Every fast food restuarant I've worked at would demand you come in while sick unless you got a doctor's note, which is basically impossible for underpaid workers. I've seen people who couldn't stop puking handling ready-to-eat food. I've also never seen anyone wash produce AT ALL and gloves have made everything far worse because nobody washes their hands anymore. They also stay understaffed to save money.

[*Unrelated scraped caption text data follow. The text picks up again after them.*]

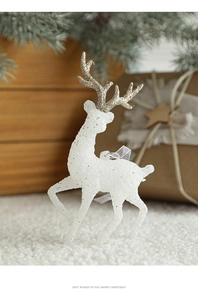 Detail of white Christmas reindeer figurine with gold glitter antlers on pine branches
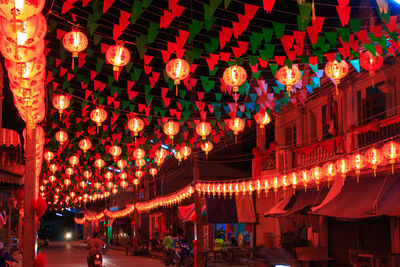 Illuminated lanterns hanging over street at night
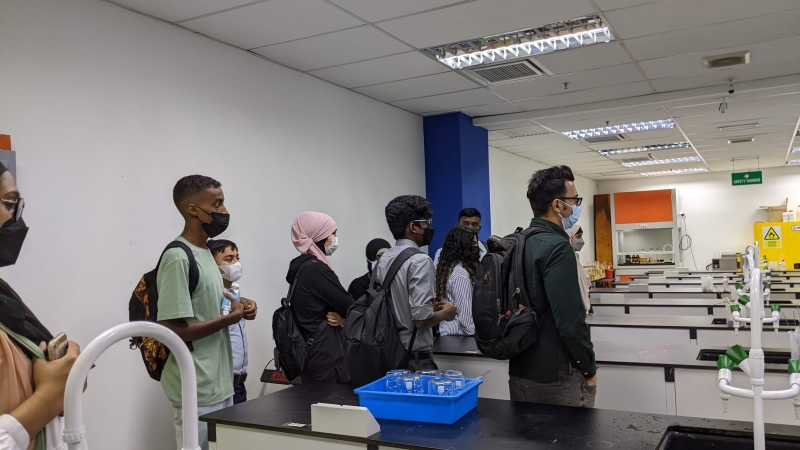 Students wearing masks in a laboratory classroom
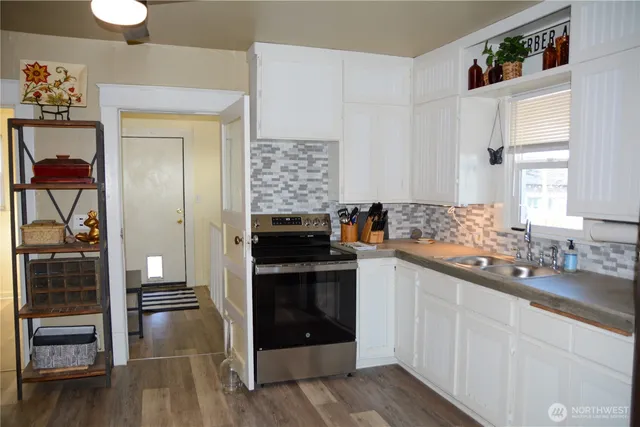 a kitchen with a sink and cabinets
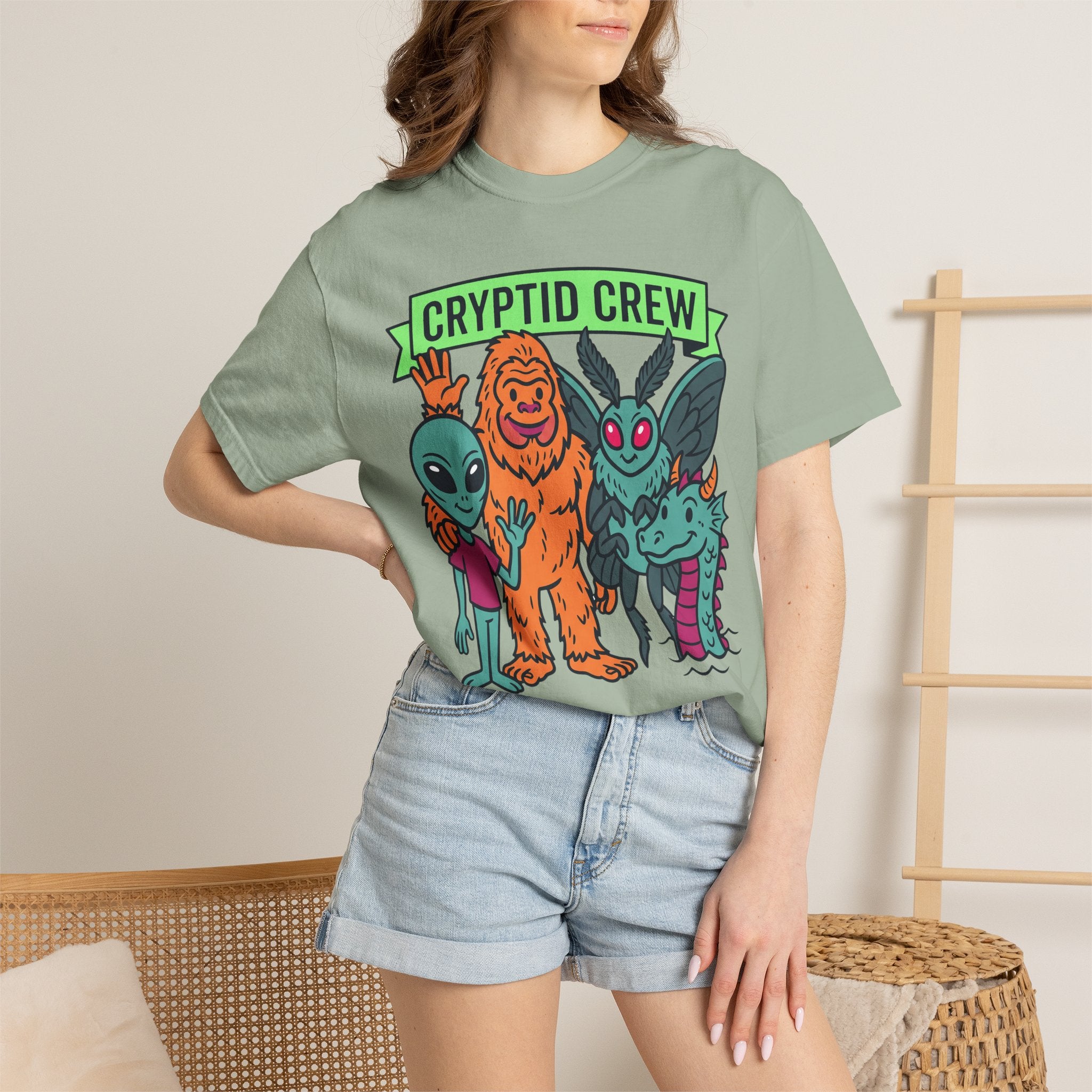 Mint green crew-neck T-shirt with 'CRYPTID CREW' graphic, worn by model.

Meanwhile at high end restaurants we were overstaffed, given free meals, and being genuinely sick wasn't a possible firing. Working at a fancy dinner place and I was paid well and happy to work. Working at fast food I was once fired because a snow storm knocked out the power, we were closed and I called DAILY to see if we were open (I worked evenings) after three days the ice and snow were good enough I could safely get into town and noticed they were open, went inside and was told I was fired for a no-call no-show and mentioned I had called every day around 9am, I was told "oh yeah the phone lines are down".

The manager didn't even attempt to call me when I didn't show up. At my sit-down restuarant job I was told to take all the time I needed to recover when I went to the hospital. There's such a disconnect.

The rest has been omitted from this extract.